ルイジアナ州ホウマ地域で起きたハリケーンアイダによってローン滞納率はそれ以前の7.4%から2ヶ月で13.5%に跳ね上がっている。

報告書では今後自然災害による被害への対策を各方面に求めている。具体的には以下のような提案が出された。
・モーゲージレンダー:リスクマネージメントのプログラムをさらに促進させる。災害への準備と開会について消費者教育を行う。
・政府・地方自治体:最新のリスクデータをもとにハザードマップや警告システムを強化する。それに必要な法律や条例の整備。
・保険会社:データやアナリティックスを使って保険のアンダーライティングを見直す。クレーム対応のスピードアップと改善。消費者教育。

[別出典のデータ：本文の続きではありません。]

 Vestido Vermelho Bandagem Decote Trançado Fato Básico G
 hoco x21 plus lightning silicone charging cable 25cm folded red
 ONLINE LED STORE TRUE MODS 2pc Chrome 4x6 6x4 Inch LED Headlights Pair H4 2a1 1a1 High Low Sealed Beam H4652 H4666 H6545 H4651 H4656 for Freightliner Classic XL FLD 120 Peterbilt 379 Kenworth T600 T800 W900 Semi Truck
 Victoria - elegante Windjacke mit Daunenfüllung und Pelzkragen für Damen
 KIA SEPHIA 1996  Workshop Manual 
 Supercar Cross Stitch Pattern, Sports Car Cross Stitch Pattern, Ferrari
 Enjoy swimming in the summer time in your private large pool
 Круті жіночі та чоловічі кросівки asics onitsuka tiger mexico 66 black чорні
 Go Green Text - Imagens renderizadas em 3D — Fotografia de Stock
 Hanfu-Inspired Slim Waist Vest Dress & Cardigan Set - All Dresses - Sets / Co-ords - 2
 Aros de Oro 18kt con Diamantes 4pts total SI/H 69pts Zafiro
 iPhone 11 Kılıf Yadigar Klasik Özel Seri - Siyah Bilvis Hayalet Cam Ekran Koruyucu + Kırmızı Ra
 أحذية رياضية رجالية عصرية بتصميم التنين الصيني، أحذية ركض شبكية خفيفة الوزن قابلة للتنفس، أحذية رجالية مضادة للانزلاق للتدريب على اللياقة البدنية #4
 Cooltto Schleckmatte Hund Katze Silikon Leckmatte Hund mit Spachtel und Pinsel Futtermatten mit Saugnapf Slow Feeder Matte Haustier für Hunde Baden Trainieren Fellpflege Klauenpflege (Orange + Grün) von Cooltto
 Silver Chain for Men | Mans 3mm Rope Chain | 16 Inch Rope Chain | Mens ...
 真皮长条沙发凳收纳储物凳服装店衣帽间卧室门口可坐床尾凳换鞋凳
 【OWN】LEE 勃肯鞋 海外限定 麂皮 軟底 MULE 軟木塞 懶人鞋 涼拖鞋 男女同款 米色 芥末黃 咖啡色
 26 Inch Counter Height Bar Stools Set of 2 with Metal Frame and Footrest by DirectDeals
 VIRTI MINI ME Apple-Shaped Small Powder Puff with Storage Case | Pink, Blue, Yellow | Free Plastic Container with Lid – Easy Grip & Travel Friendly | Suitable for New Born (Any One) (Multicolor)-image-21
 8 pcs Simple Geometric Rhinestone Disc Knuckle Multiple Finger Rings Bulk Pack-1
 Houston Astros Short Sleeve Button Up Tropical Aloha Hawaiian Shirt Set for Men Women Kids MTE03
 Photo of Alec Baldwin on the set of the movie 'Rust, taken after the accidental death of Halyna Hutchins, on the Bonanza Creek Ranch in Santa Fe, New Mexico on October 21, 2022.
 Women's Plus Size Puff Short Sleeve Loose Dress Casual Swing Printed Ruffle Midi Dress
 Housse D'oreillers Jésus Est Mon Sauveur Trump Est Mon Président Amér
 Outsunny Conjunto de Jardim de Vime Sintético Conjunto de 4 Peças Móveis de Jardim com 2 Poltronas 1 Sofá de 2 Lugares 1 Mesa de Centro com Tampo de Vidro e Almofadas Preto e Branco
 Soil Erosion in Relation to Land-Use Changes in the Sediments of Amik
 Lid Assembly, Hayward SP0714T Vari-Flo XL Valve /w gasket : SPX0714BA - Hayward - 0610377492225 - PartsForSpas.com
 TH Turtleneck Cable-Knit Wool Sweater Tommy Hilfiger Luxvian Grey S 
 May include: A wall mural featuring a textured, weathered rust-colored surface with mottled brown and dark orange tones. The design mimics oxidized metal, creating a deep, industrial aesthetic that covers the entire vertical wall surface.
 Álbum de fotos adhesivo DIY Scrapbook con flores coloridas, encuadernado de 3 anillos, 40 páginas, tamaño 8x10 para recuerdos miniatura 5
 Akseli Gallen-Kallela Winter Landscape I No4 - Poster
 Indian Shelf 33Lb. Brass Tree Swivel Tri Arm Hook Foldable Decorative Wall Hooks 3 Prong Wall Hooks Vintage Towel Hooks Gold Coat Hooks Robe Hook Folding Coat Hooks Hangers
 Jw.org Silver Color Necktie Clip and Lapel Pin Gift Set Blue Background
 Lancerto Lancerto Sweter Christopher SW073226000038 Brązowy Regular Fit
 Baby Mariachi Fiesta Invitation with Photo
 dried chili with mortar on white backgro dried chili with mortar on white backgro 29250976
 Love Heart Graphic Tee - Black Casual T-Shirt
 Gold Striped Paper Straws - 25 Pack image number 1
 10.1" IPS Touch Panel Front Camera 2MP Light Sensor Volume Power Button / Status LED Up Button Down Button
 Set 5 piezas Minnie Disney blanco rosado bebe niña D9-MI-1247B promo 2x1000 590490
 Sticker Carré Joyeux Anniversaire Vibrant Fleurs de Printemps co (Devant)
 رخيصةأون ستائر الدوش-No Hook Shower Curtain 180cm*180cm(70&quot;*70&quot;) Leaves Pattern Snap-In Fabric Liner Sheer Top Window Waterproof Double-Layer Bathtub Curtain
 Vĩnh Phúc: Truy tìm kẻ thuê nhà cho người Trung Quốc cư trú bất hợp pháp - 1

消費者は物件探しの段階でその地域の自然災害リスクについてさまざまなツールが与えられている。リアルタードットコム社の調査によれば、住宅購入者の78%が自然災害のリスクを購入判断の基準の一つに入れているという。

レッドフィン社では最近自然災害(洪水、山火事、干魃、ハリケーンなど)多発地域に関するデータをサーチエンジンに取り入れている。物件を探す人が自然災害多発地域について認識してもらうのがその目的である。その中の洪水を対象に行った3ヶ月間の試験期間で多くのユーザーはデータを見た後洪水最多発地域での購入を控える動きが見られたという。つまりこういった地域では物件価値が上がらないかまたは下がる可能性が高い。


(レッドフィン社より)

また補修コストも鰻登りに上昇している。ファーストストリートファウンデーション協会によると、洪水による2051年における被害総額は現在より61%上昇して322億ドルに達すると試算している。その場合洪水保険は現在の保険料の4.5倍にまで上げなければならないと報告している。